Tag Archives: Sophistry

Unholy Sophistry

In his classic book, The Death of Christian Culture, John Senior comments that one of the surest indications that a Christian culture is in demise is when believers come to rely on sophistry.  The sophist seeks, not to bring the force of truth into a conversation, but to fabricate compulsion through the mere use of words.  This unholy sophistry, at least in its latest incarnation, seems to afflict the Hierarchy of the Church more than the man in the pew as evidenced by the recent debate in the United States over the crackdown on illegal immigration.  Many Bishops insist that the policies of the new administration are “contrary to the dignity of the human person” and “harm the common good.”  Because these principles have been reduced to mere catch-phrases, it is helpful to take a look at how they are abused.

According to Aristotle, the favorite fallacy of the sophist is the fallacy of irrelevant conclusion.  The sophist presents an irrefutable truth as an argument and then is aghast when the interlocutor takes exception to the truth.  This sophistry should be readily recognizable to anyone who has tried to wiggle out of the “Black Lives Matter” verbal finger trap.  The Catholic sophists are skilled at taking the foundational principles of the dignity of the human person and the common good as verbal trump cards to defend what is ultimately, not a moral or religious position, but a political one.  Because this often does harm to the moral authority of the Church, it is important that lay people recognize it and be able to avoid the confusion that is sure to follow from the sophistry buffet that picks and chooses which doctrines to emphasize.

“Dignity of the Human Person”

The dignity of the human person is, of course, the foundation of the Church’s Social Doctrine.  For this reason, it readily lends itself to abuse as an irrelevant conclusion.  The problem is that nearly every issue in society involves a collision in human dignity.  You might speak of the dignity of the immigrant, but you cannot in turn ignore the dignity of the citizen.  The principle of the dignity of the human person is always a two-edged sword.  In fact, this collision occurs so often that God uses the dignity of the human person as His reason for commanding the death penalty in Gn 9:6.

What governs every collision of human dignity is justice.  While a migrant has a natural right to migrate when a dire need arises, it can only be done in a manner that respects the rule of law of the country he is immigrating to.  Assuming that the laws around immigration are just then the country has a right to enforce those laws including removing those immigrants who refused to respect the rule of law. 

The unfortunate part is that the Catholic prelates have done little to explain how the immigration enforcement of the new administration is unjust.  They simply appeal to the dignity of the human person without acknowledging that it is contrary to the dignity of the human person for a country not to enforce her laws.  It comes across as a mere sophistry especially when combined with the fact that Church-affiliated organizations have benefited financially from aiding illegal immigrants.  Because of the way that is often perceived the exchange rate on those millions of dollars comes out to be 30 pieces of silver.

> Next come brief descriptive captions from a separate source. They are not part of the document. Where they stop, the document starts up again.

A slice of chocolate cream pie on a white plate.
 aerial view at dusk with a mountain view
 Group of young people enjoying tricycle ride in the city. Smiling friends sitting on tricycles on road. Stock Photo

“Contrary to the Common Good”

Likewise, the notion that immigration enforcement is “contrary to the common good” also serves as an unholy sophistry.  How it is exactly contrary to the common good is not really explained, but merely stated without support.  The problem of referring to the common good is that it is really a form a question begging.  Residents of one society do not share in the common good of another.  Furthermore, the role of the State is to protect and promote the common good of its citizens.  Therefore, the citizen always has a precedence over the non-citizen.  To speak of immigration enforcement as contrary to the common good is to assume that the immigrant is a member of the society.  That is clearly a contradiction.

Like the “dignity of the human person” argument, the argument that it is “contrary to the common good” is also avoiding the question of justice.  Justice is a constitutive element of the common good.  The State has an obligation to enforce its just laws as guardian of the common good.  The sophisticated Catholics then need to make an argument based on what is just.

The Church has clearly laid out the principles that ought to govern just immigration policy (Rerum Novarum, Quadragesimo Anno and Exsul Familia Nazarethana).  With such clear principles, it should be relatively easy to show how the current policies are contrary to Catholic principles.  Instead, the sophists have relied on unholy sophistry that ultimately undermines their credibility and the moral credibility of the Church as a whole.

Truth and Reality

The devil is a one-trick pony.  Everything he does to mankind is simply an echo of his original temptation to Eve, “you shall be like God.”  Throughout history he has dragged many souls into hell by coming up with creative ways in which he could coax men into usurping the role of God.  I say creative not in the sense that the devil can create anything.  He can only twist and distort what God creates by breathing lies into creation.  Only God truly creates while the devil fabricates, a fact that I want to spend some time focusing on.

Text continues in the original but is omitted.